Copy every record exactly as it stands. Leave the pictures out.
*** EXTRACTED INFORMATION Section Begins ***
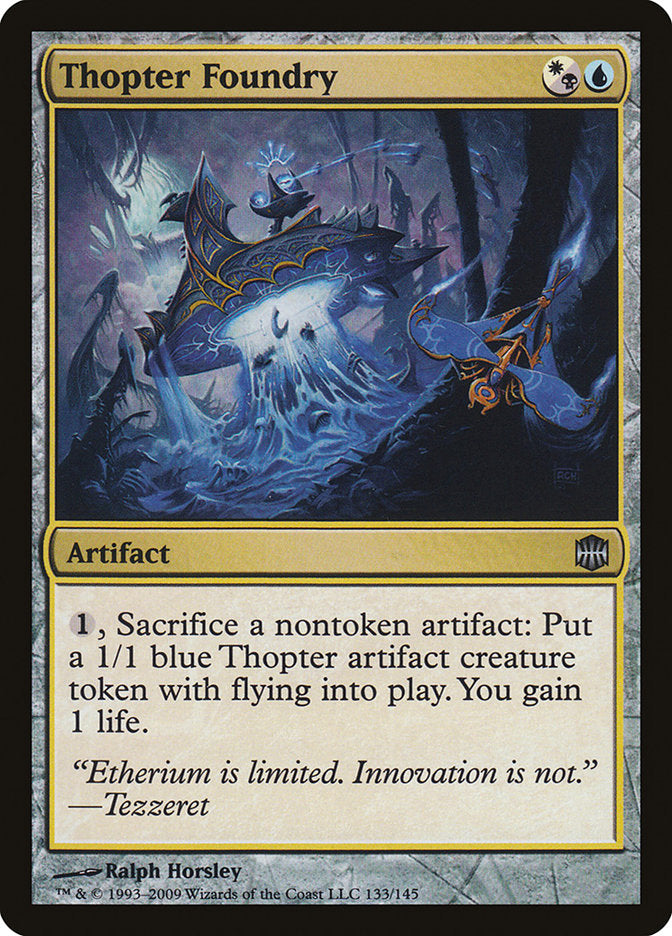 Thopter Foundry [Alara Reborn] | Total Play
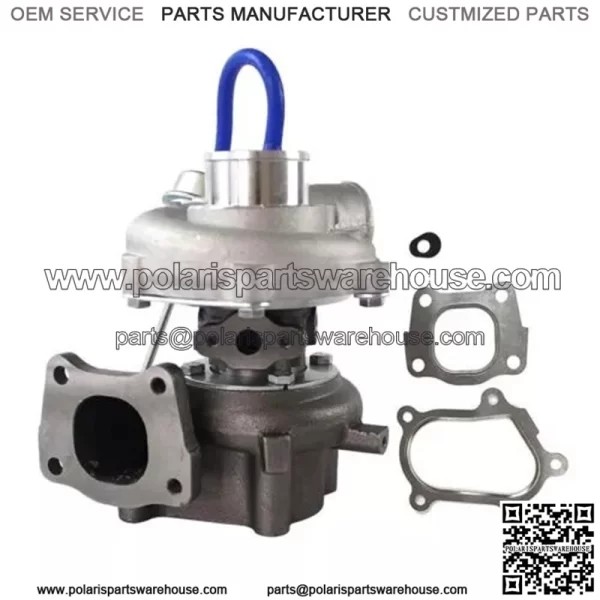 Turbocharger 8973628390 for Isuzu 4HK1 Engine Hitachi ZX200-3 ZX240-3 RHF55 - Image 2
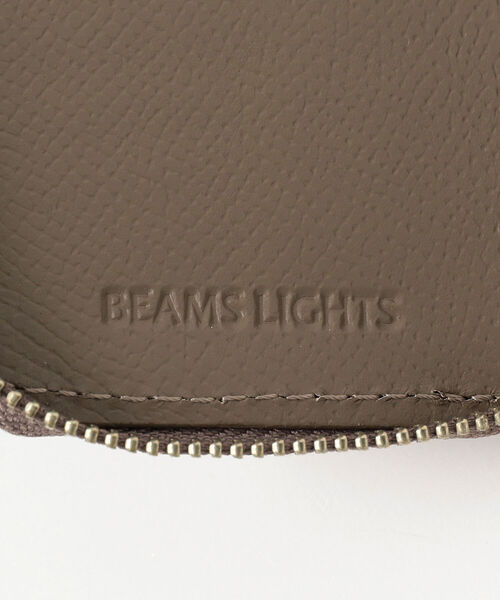 BEAMS LIGHTS(ビームスライツ)の「BEAMS LIGHTS / レザー キーケース(キーケース/キーアクセサリー・メンズ・ブラック/ベージュ・ONE SIZE)」の12枚目の写真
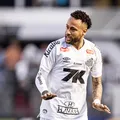 Neymar desfalca o Santos em jogo que pode recolocar o Vitória no Z-4 imagem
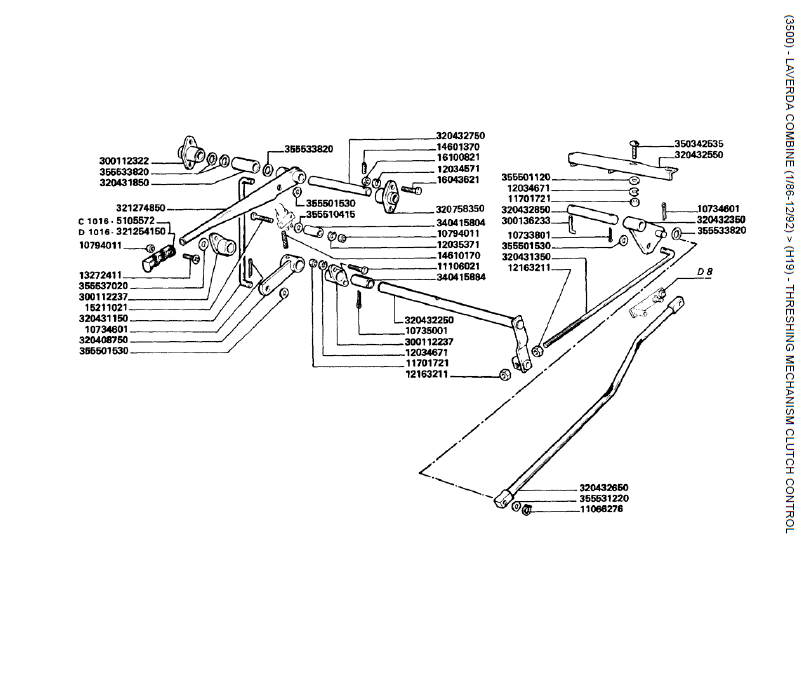 61.THRESHING MECHANISM CLUTCH CONTROL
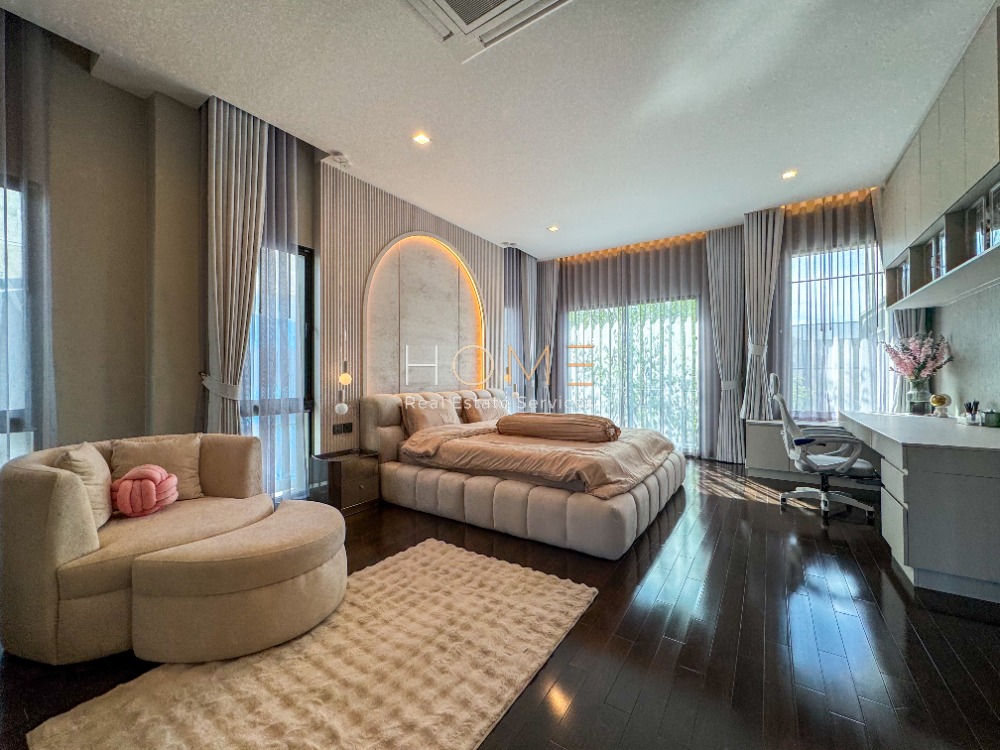 แกรนด์ บางกอก บูเลอวาร์ด กรุงเทพกรีฑา / 5 ห้องนอน (เช่า), Grand Bangkok Boulevard Krungthepkritha / 5 Bedrooms (RENT) COF638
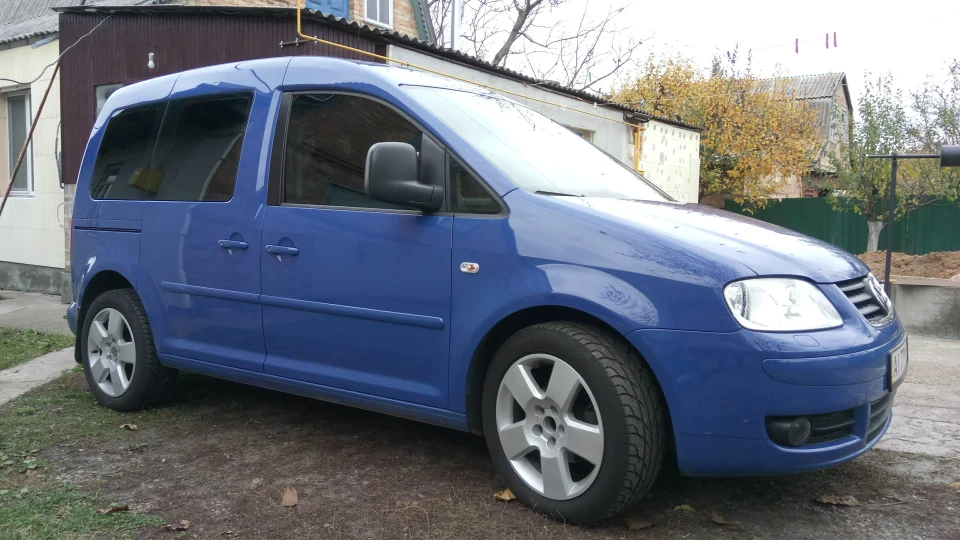 Volkswagen Caddy 1.9TDI 2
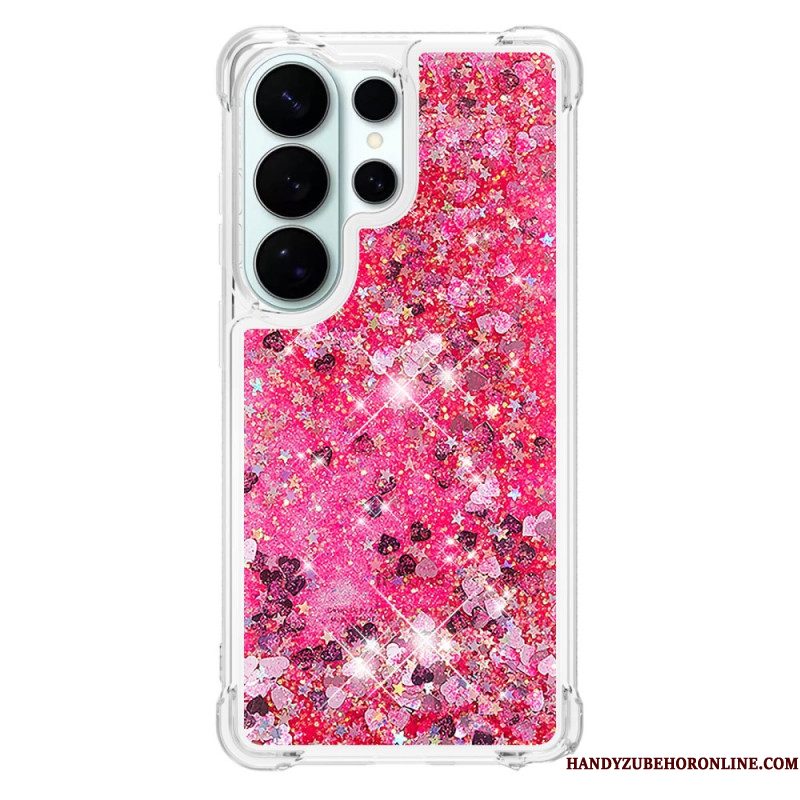Cover Hoesje Samsung Galaxy S26 Ultra Telefoonhoesje Pailletten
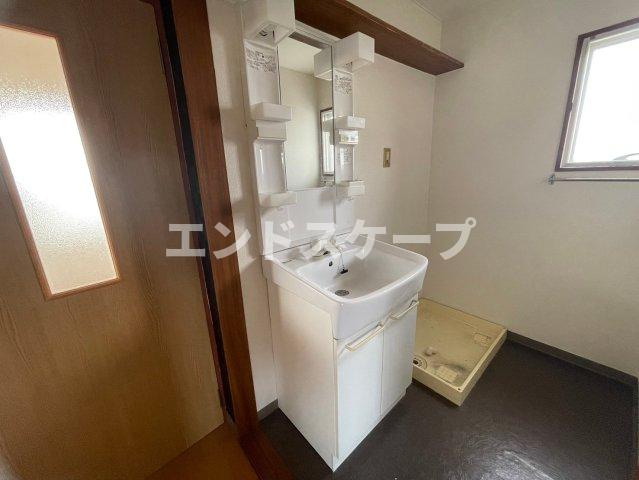 パルハイム８５の洗面所|高崎、前橋、伊勢崎エリアのお部屋探しはエンドスケープまで！お客様の理想お聞かせ下さい♪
*** EXTRACTED INFORMATION Section Ends ***
■ RESPONSE TO THIS EXERCISE
 Thopter Foundry [Alara Reborn] | Total Play
 Turbocharger 8973628390 for Isuzu 4HK1 Engine Hitachi ZX200-3 ZX240-3 RHF55 - Image 2
 BEAMS LIGHTS(ビームスライツ)の「BEAMS LIGHTS / レザー キーケース(キーケース/キーアクセサリー・メンズ・ブラック/ベージュ・ONE SIZE)」の12枚目の写真
 Neymar desfalca o Santos em jogo que pode recolocar o Vitória no Z-4 imagem
 61.THRESHING MECHANISM CLUTCH CONTROL
 แกรนด์ บางกอก บูเลอวาร์ด กรุงเทพกรีฑา / 5 ห้องนอน (เช่า), Grand Bangkok Boulevard Krungthepkritha / 5 Bedrooms (RENT) COF638
 Volkswagen Caddy 1.9TDI 2
Cover Hoesje Samsung Galaxy S26 Ultra Telefoonhoesje Pailletten
 パルハイム８５の洗面所|高崎、前橋、伊勢崎エリアのお部屋探しはエンドスケープまで！お客様の理想お聞かせ下さい♪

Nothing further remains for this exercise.